EXERCISE DETAILS: Everything in the entries below except the pictures must be returned exactly.

MATERIAL FOR THIS TASK:
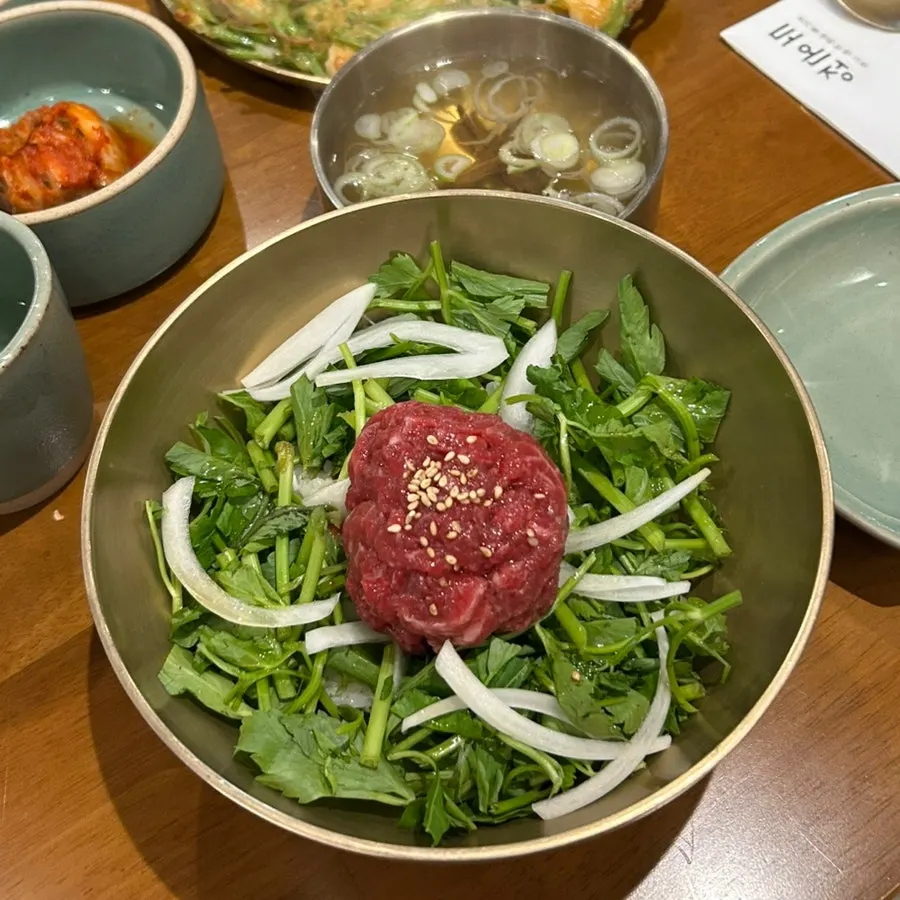 육회가 올라간 한우 육회 비빔밥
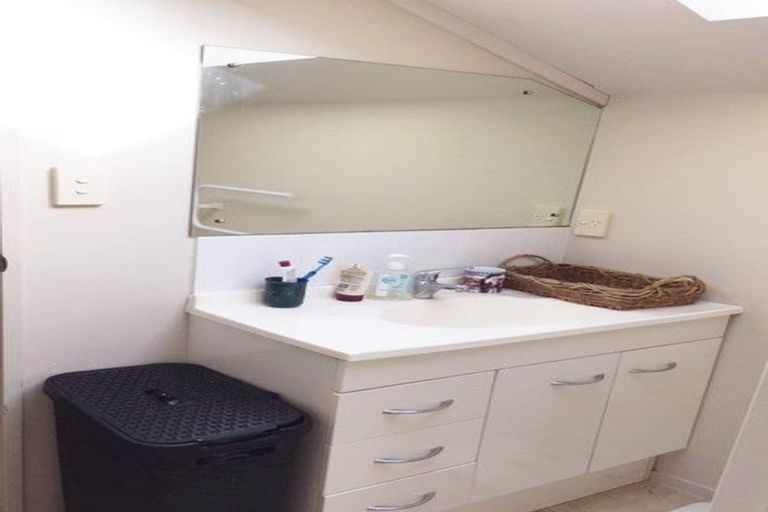 Photo of property in 2/114 Seaview Road, Glenfield, Auckland, 0629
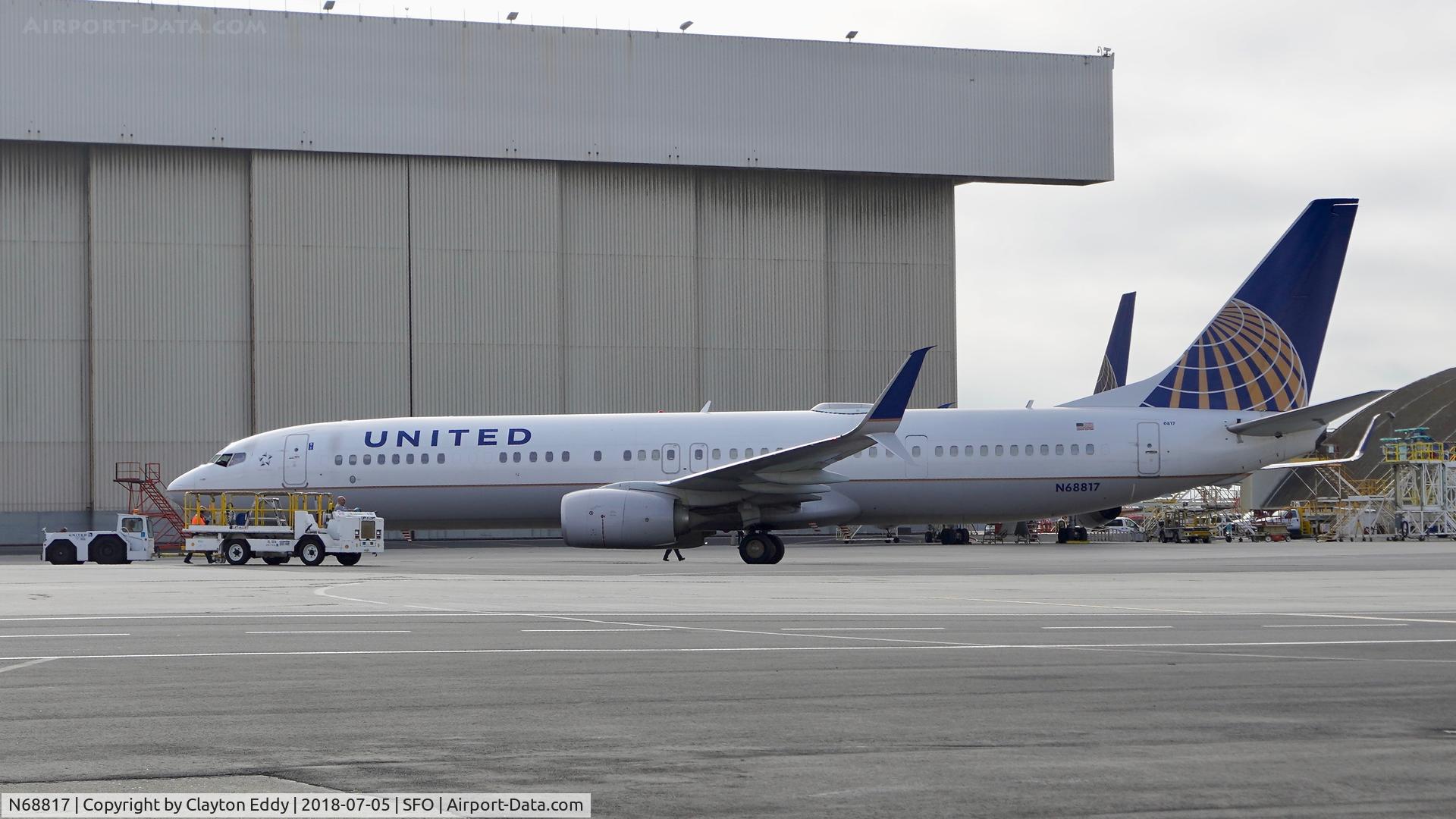 N68817, 2014 Boeing 737-924/ER C/N 42747, SFO 2018.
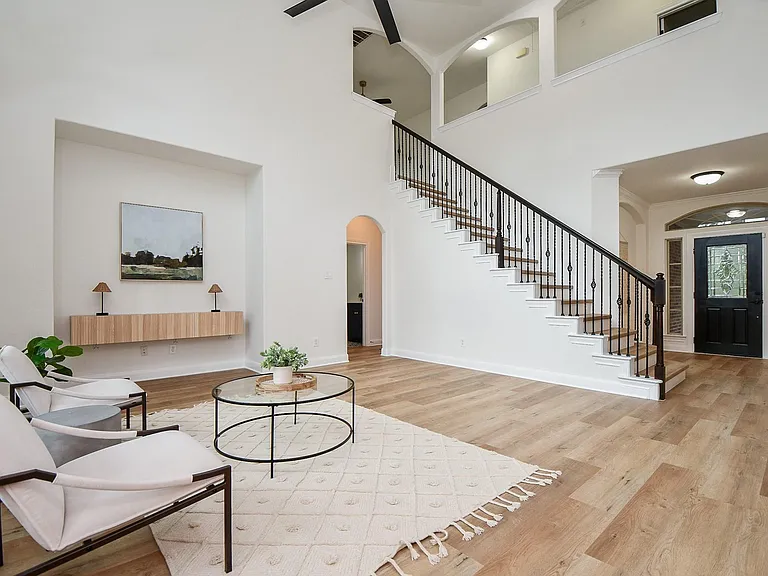 18 Hadlock Pl — Photo 6
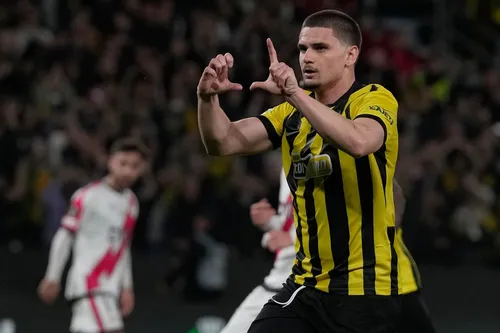 Meciul pe care Andrei Rațiu ar dori să fie uitat! A avut o ratere incredibilă și a generat un penalty.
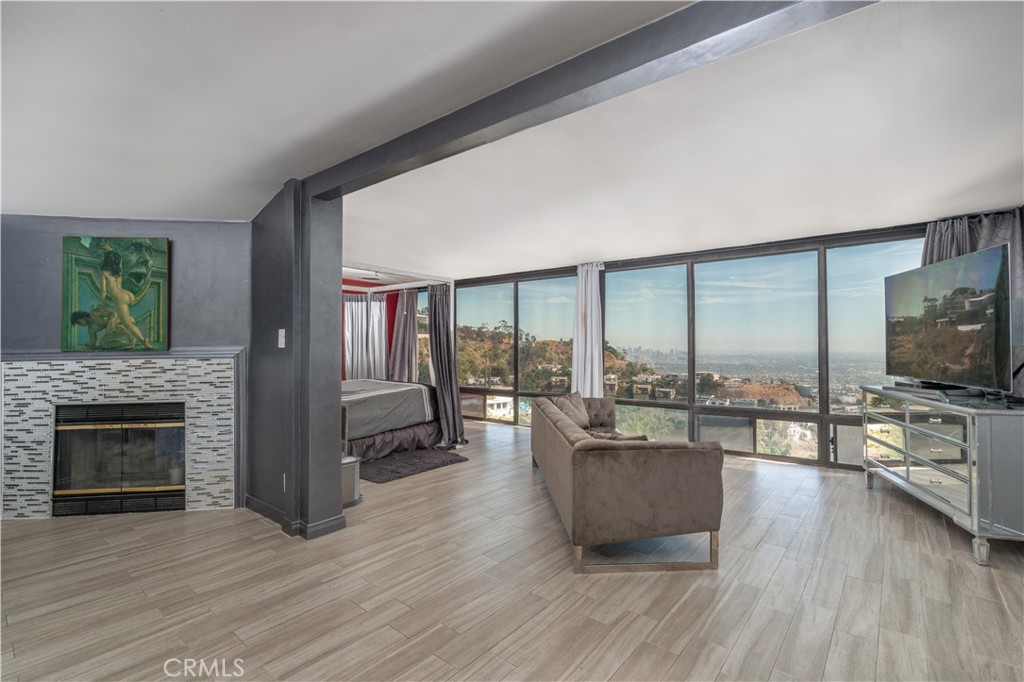 2189 Sunset Plaza Drive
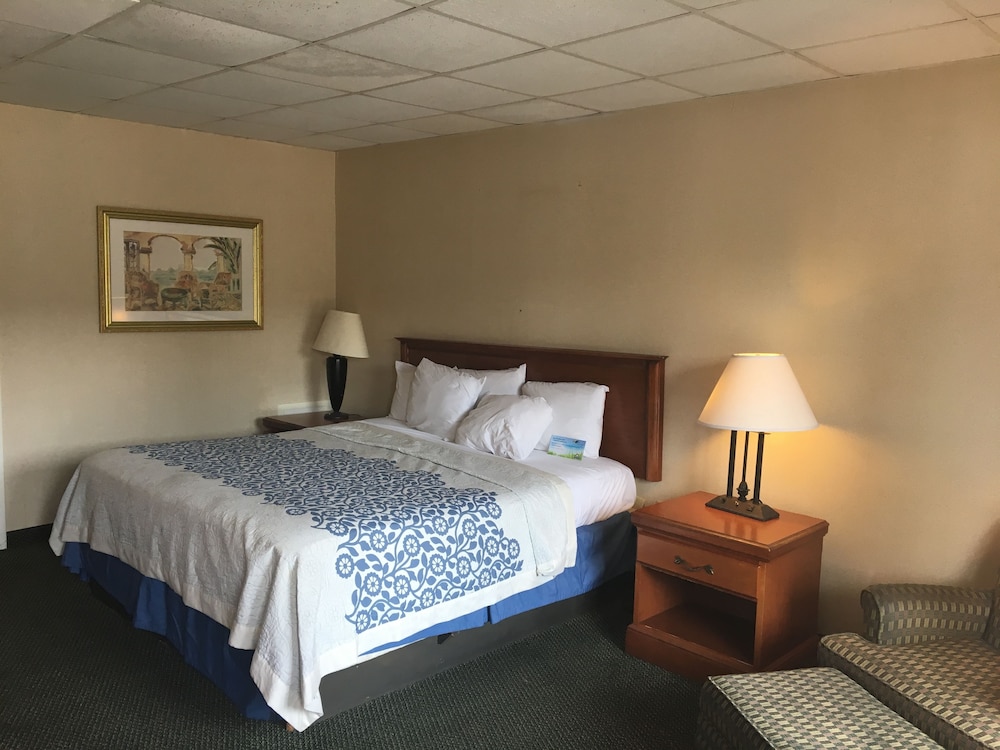 Room, Rodeway Inn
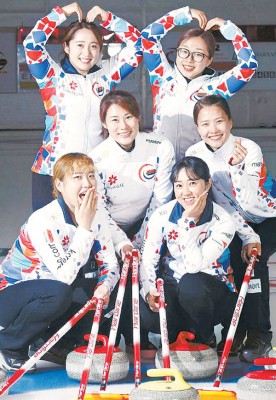 金恩静、金永美、金善英、金京爱及金超熙组成的庆北体育会女子冰壶组。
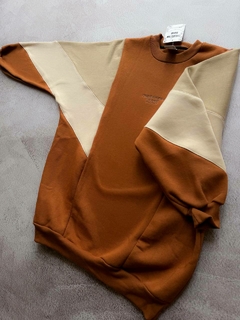 Buzo Inna Dulce de leche Unisex en internet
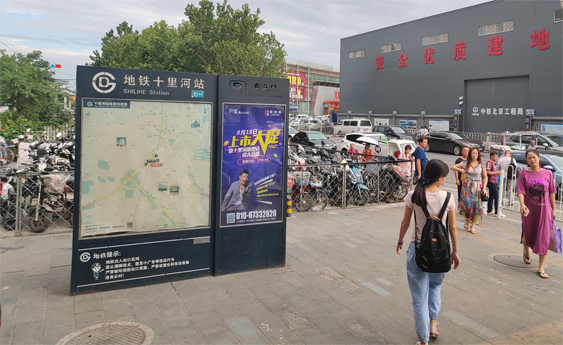 地鐵出入口燈箱廣告.jpg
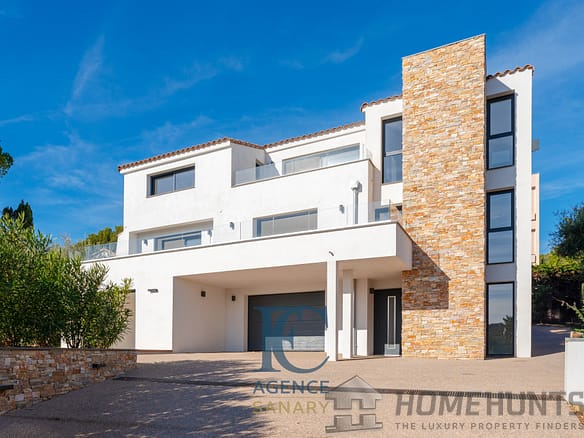 3 Bedroom Villa/House in Sanary Sur Mer 6
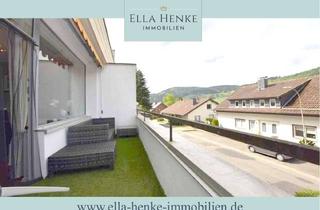 Wohnung kaufen in 38685 Langelsheim, Mit großem Balkon: Modern möblierte, helle 2-Zimmer-Wohnung mit 2 Bädern + PKW-Stellplatz.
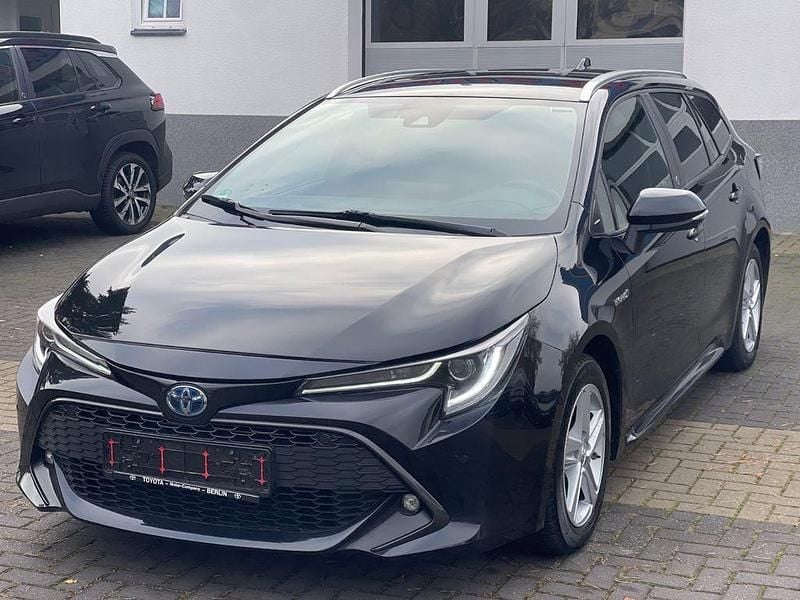 Schwarz Gebraucht 2021 Toyota Corolla Team Kombi | 21.900 € (Superpreis) - Bild 1/4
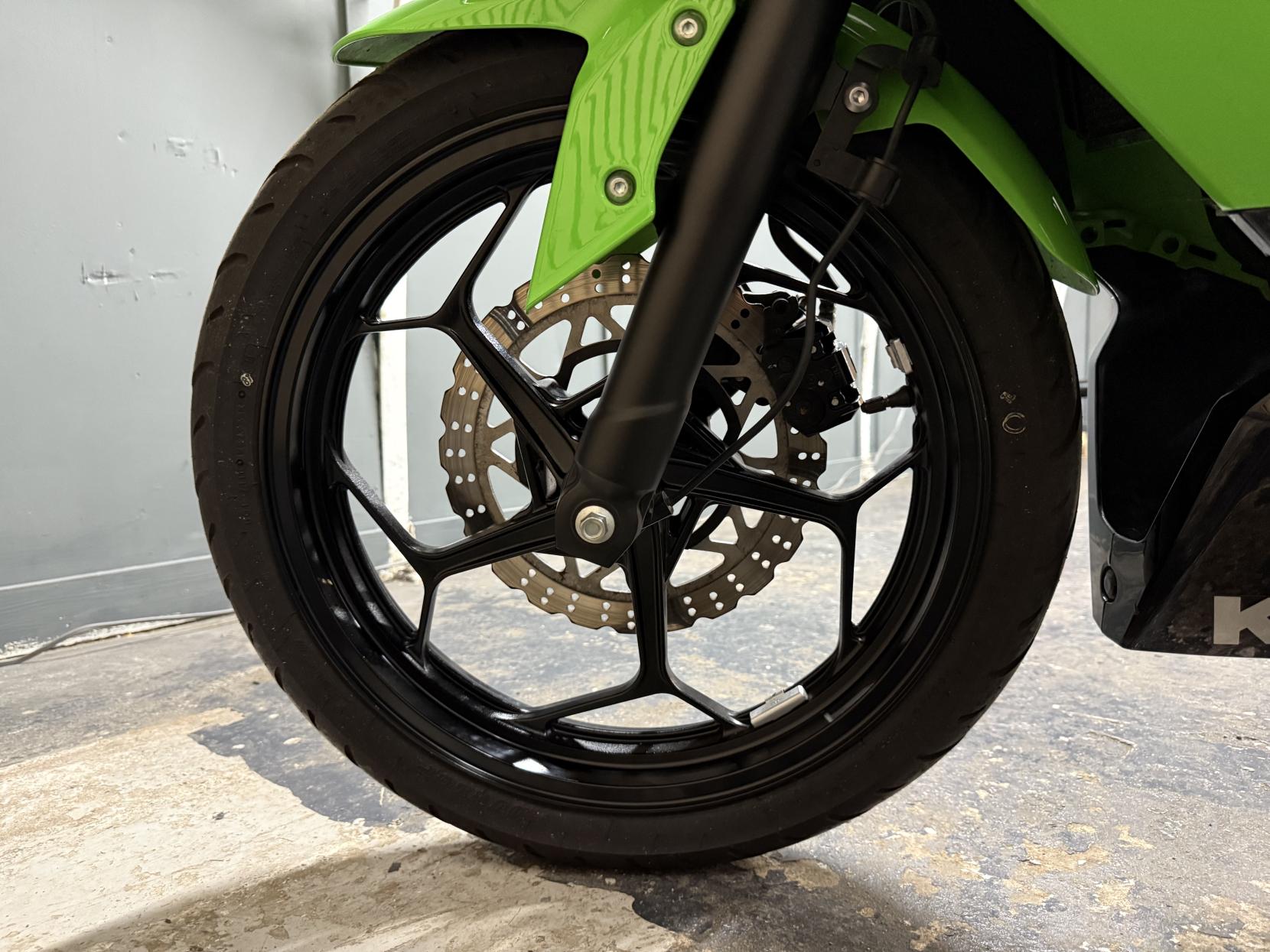 Kawasaki Ninja 250SL 250 Super Sports Petrol Manual (28 ps)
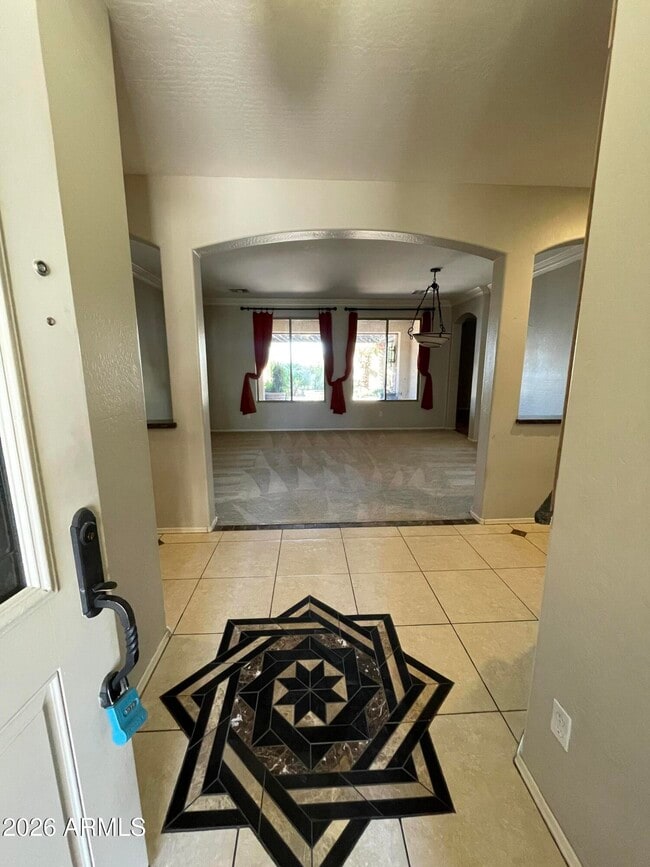 Photo - 10321 W Windsor Ave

OUTPUT OF THE TASK:
 육회가 올라간 한우 육회 비빔밥
 Photo of property in 2/114 Seaview Road, Glenfield, Auckland, 0629
 N68817, 2014 Boeing 737-924/ER C/N 42747, SFO 2018.
 18 Hadlock Pl — Photo 6
 Meciul pe care Andrei Rațiu ar dori să fie uitat! A avut o ratere incredibilă și a generat un penalty.
 2189 Sunset Plaza Drive
 Room, Rodeway Inn
 金恩静、金永美、金善英、金京爱及金超熙组成的庆北体育会女子冰壶组。
 Buzo Inna Dulce de leche Unisex en internet
 地鐵出入口燈箱廣告.jpg
 3 Bedroom Villa/House in Sanary Sur Mer 6
 Wohnung kaufen in 38685 Langelsheim, Mit großem Balkon: Modern möblierte, helle 2-Zimmer-Wohnung mit 2 Bädern + PKW-Stellplatz.
 Schwarz Gebraucht 2021 Toyota Corolla Team Kombi | 21.900 € (Superpreis) - Bild 1/4
 Kawasaki Ninja 250SL 250 Super Sports Petrol Manual (28 ps)
 Photo - 10321 W Windsor Ave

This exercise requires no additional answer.